Laden...

Eindhovense politieke partij moet oud-medewerker alsnog salaris betalen

Dit is een afdruk van een pagina op Rechtspraak.nl. Kijk voor de meest actuele informatie op Rechtspraak.nl (http://www.rechtspraak.nl). Deze pagina is geprint op 01-01-1970.

Skip Navigation LinksRechtbank Oost-Brabant > Nieuws > Eindhovense politieke partij moet oud-medewerker alsnog salaris betalen
's-Hertogenbosch, 10 januari 2019

Een oud-medewerker van een politieke partij uit Eindhoven heeft geen recht op een vergoeding van ruim 50.000 euro voor haar ontslag. Wel moet de partij haar achterstallig loon betalen. Dat bepaalde de kantonrechter van de rechtbank Oost-Brabant vandaag.

De vrouw ging op 1 juni 2018 voor 16 uur per week aan de slag als fractiemedewerker voor de politieke partij in Eindhoven. De vrouw kreeg echter nooit salaris uitbetaald.
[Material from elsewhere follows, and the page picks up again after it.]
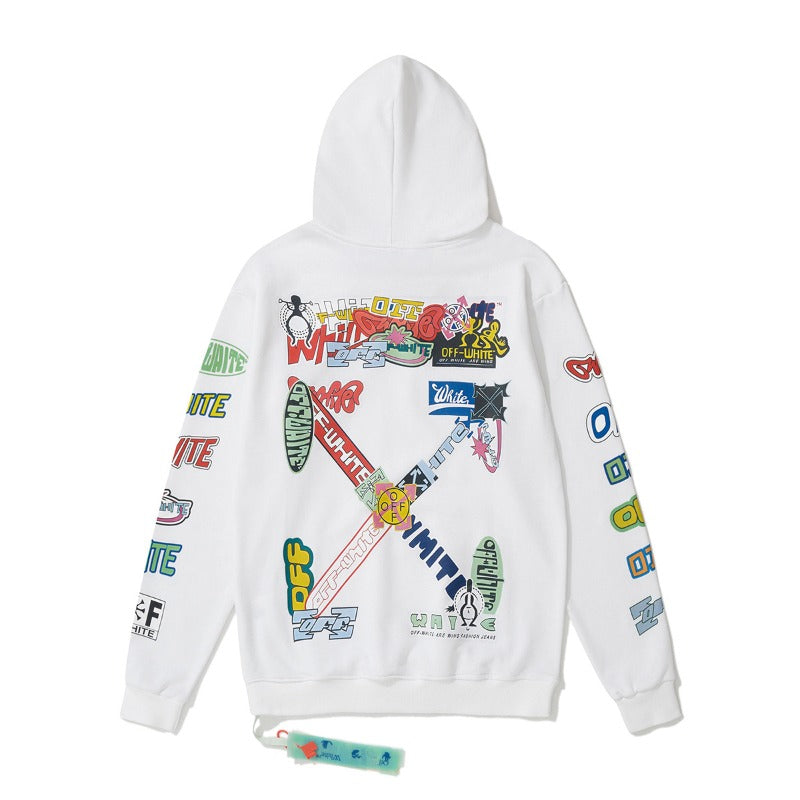 OW  hoodie Slogan Cartoon Arrow Pattern Pullover Hood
Ze stapte daarom naar de kantonrechter in Eindhoven en eiste onder meer achterstallig salaris tot en met 6 september jl. en een vergoeding van in totaal 50.623,49 euro.

Volgens de vrouw kreeg zij van het enige raadslid dat de Eindhovense partij heeft, mondeling de bevestiging dat zij aan de slag kon gaan als fractiemedewerker. Daarnaast ontving ze van hem een concept arbeidsovereenkomst, al kwam het nooit tot ondertekening. De vrouw stelt echter dat dit niets af zou doen aan het feit dat er tussen partijen een arbeidsovereenkomst tot stand gekomen is. Op grond daarvan stelt zij recht te hebben op een bruto maandsalaris van 1.152 euro. De hoogte van het loon komt overeen met de inhoud van een verklaring die het raadslid ondertekende vlak voor het zomerreces. Die declaratie moest de vrouw inleveren bij de gemeente Eindhoven, omdat de politieke partij destijds recht had op een bepaald budget om het salaris van de vrouw te kunnen betalen.
Daarnaast stelt de vrouw dat zij zelf geen ontslag heeft genomen op 6 september. De partij zou haar voor de keuze hebben gesteld: zelf opstappen of blijven werken met het risico dat ze geen loon meer zou krijgen na die dag. Toen zij geen keuze maakte, zou de landelijke partij deze keuze voor haar hebben gemaakt. De vrouw stelt daarom dat die landelijke partij haar een vergoeding van 3,5 bruto jaarsalarissen moet betalen. Deze periode baseert ze op de termijn waarin ze volgens eigen zeggen haar functie nog had kunnen uitvoeren; de nieuwe verkiezingen in Eindhoven zouden in maart 2022 zijn.

Volgens de lokale partij is het aan de vrouw te wijten dat er geen arbeidsovereenkomst ondertekend is. Bovendien zou zij nooit bij het raadslid geklaagd hebben dat ze geen salaris kreeg uitbetaald. Hij was dan ook in de veronderstelling dat de door hem ondertekende declaratie uitbetaald was door de gemeente.
De partij wil de vrouw wel 1.337,60 euro betalen voor de uren die ze daadwerkelijk gewerkt heeft. Verder stelt de partij dat de vergoeding moet worden afgewezen, omdat de vrouw volgens hen op 6 september weloverwogen haar baan heeft opgezegd en haar sleutels en pas inleverde en zij zelf uit de WhatsApp-groepen stapte.

Oordeel

De kantonrechter oordeelt dat de landelijke partij niet bij de procedure betrokken had moeten worden en dat het raadslid niet persoonlijk aansprakelijk is. Het achterstallige salaris moet daarom worden betaald door de lokale partij.
Wat betreft de hoogte van het bedrag, gaat de rechter uit van de concept arbeidsovereenkomst en het budget dat door de gemeente Eindhoven beschikbaar is gesteld. De rechter oordeelt dat de vrouw recht had op een salaris van 1.023,72 euro per maand. De rechter volgt de vrouw in haar stelling dat zij ook over de recesperiode recht heeft op doorbetaling van haar loon. Na 20 augustus is zij zonder opgaaf van reden niet meer op haar werk verschenen en op 6 september is de overeenkomst beëindigd. De rechter bepaalt daarom dat de lokale partij haar salaris nog moet betalen van 1 juni tot 20 augustus 2018. Omdat het salaris te laat betaald is, moet hierover een wettelijke verhoging van 10% worden betaald.  
Verder gaf de vrouw volgens de rechter zelf duidelijk en ondubbelzinnig aan te willen stoppen en niet meer voor de lokale partij te willen werken. Nu zij zelf haar arbeidsovereenkomst heeft beëindigd, heeft de vrouw geen recht op een vergoeding.